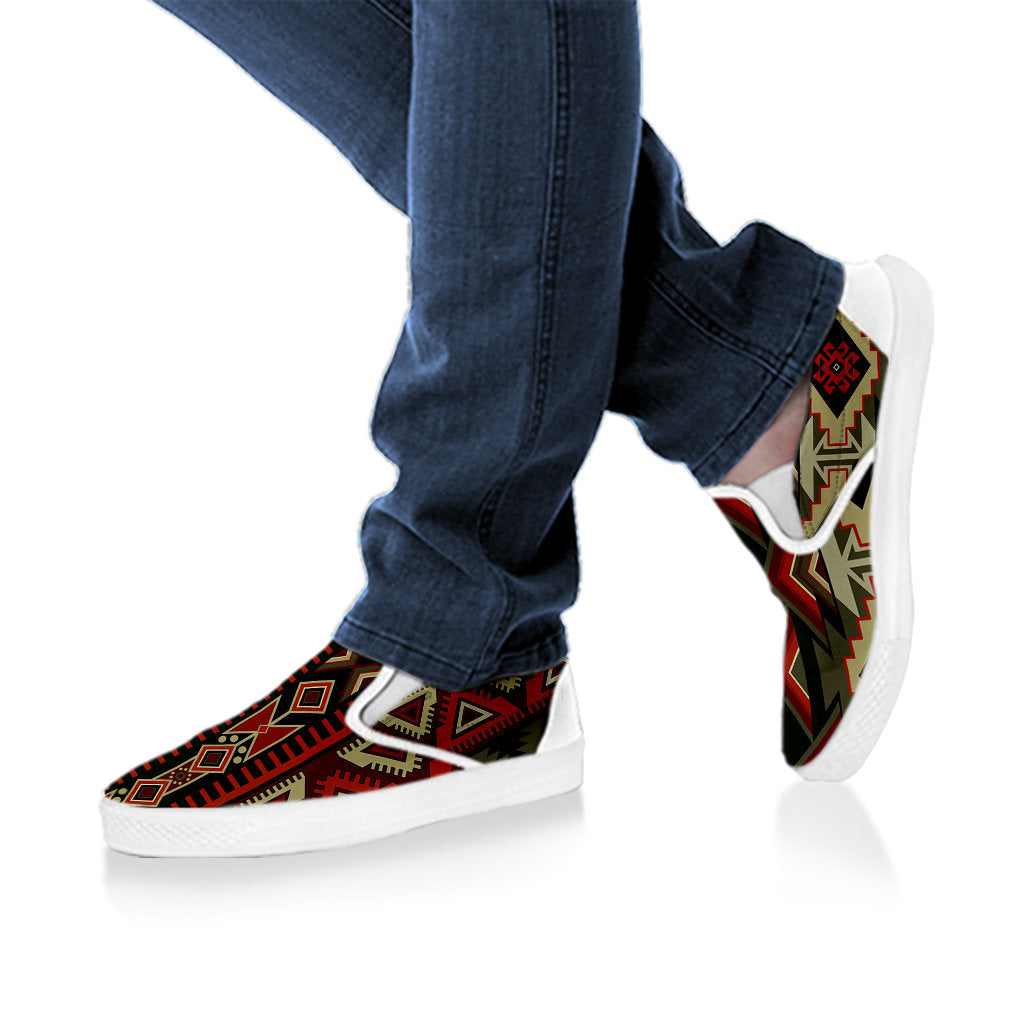 Red & Brown boho Chic Bohemian Aztec Slip On Shoes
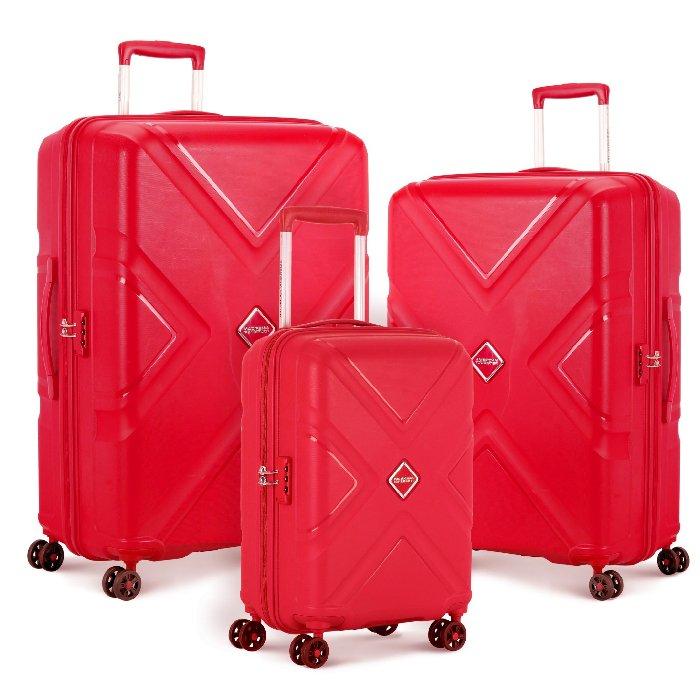 Buy American tourister kross hard luggage trolley bag (set of 3), 79+68+55cm, le2x00104 – red in Kuwait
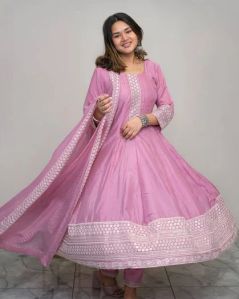 Ladies Anarkali Cotton Pink Suit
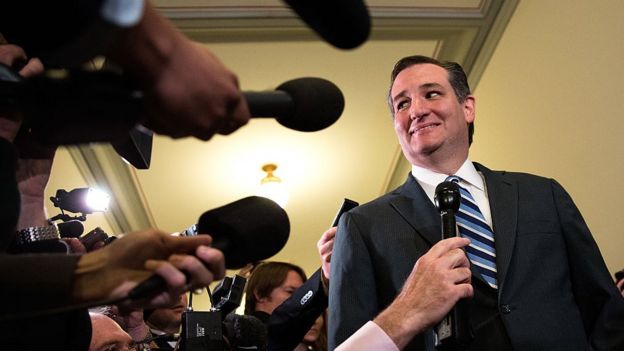 Ted Cruz talks to reporters at the US Capitol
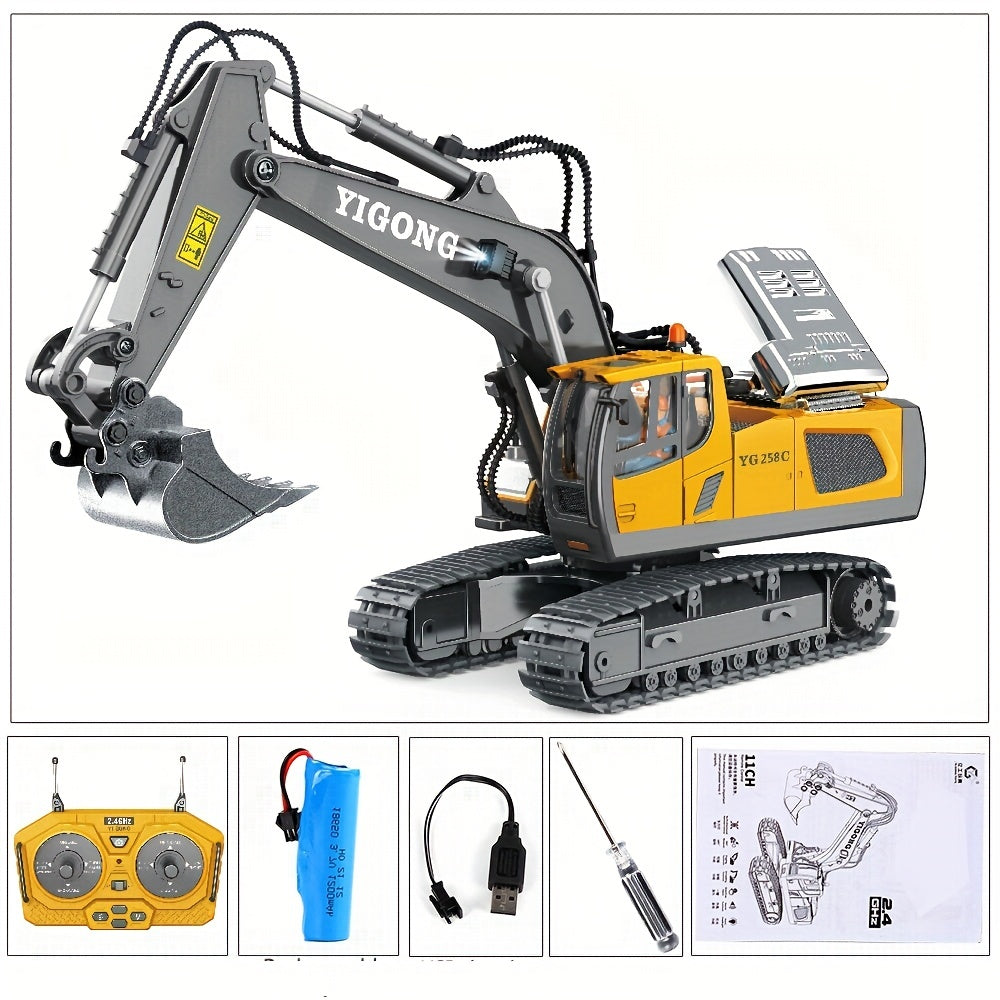 1pc YIGONG 9-Channel Remote Control Excavator Toy - 2.4Ghz Construction Vehicle with Alloy Metal Cap, Lights & Sounds, Rechargeable Battery - Ideal for Boys & Girls, Perfect Halloween, Thanksgiving, Christmas Gift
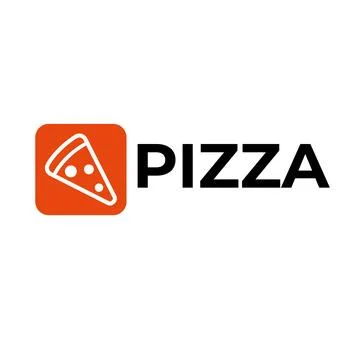 Pizza slices hidden in red rectangles logo vector Stock Illustration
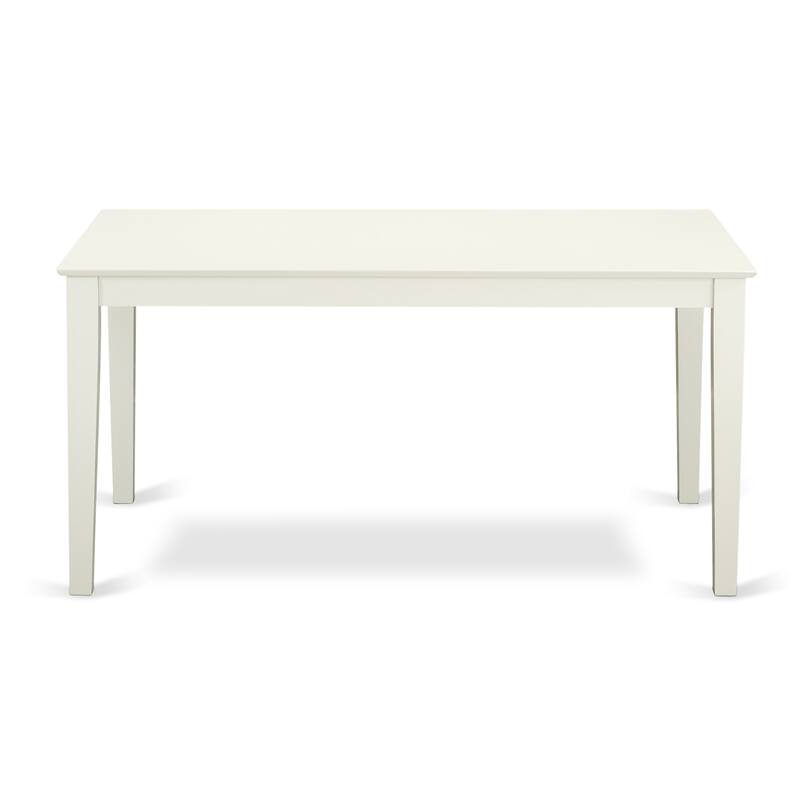 East West Furniture 5 Piece Dinette Set- a Dining Room Table and 2 Dining Chairs with 2 Benches, 36x60 Inch, Linen White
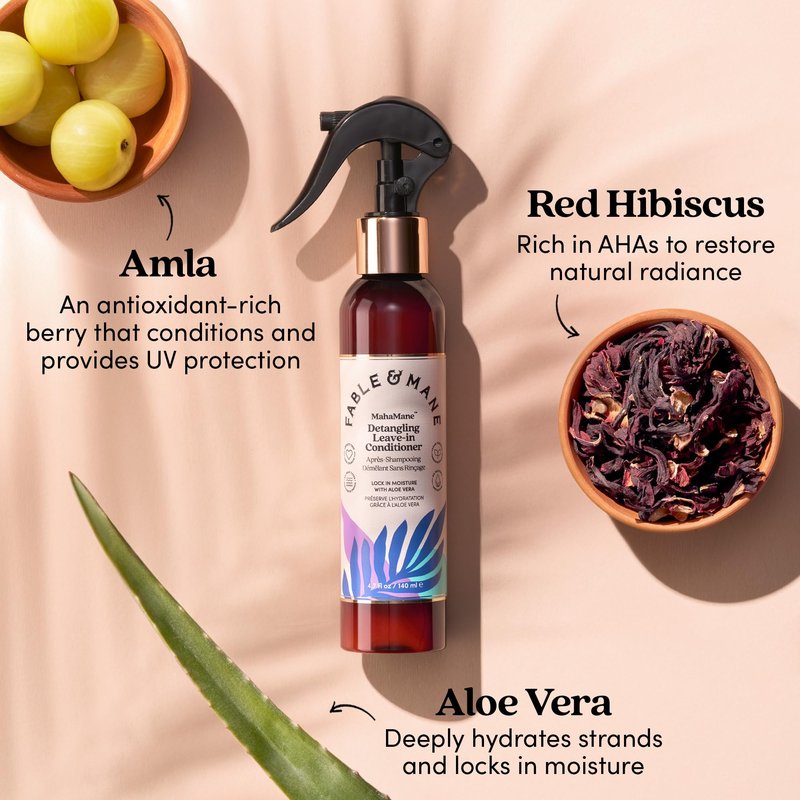 Fable & Mane Detangling Leave-In Conditioner, with UV Heat Protection for Smooth, Hydrated, Tangle-free Hair. Enriched with Aloe Vera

::::::::::

### Requirement
Each line from the line containing "East West Furniture" through the last line above must be written out exactly, and every picture must be omitted.

### Solution for this problem
 East West Furniture 5 Piece Dinette Set- a Dining Room Table and 2 Dining Chairs with 2 Benches, 36x60 Inch, Linen White
 Fable & Mane Detangling Leave-In Conditioner, with UV Heat Protection for Smooth, Hydrated, Tangle-free Hair. Enriched with Aloe Vera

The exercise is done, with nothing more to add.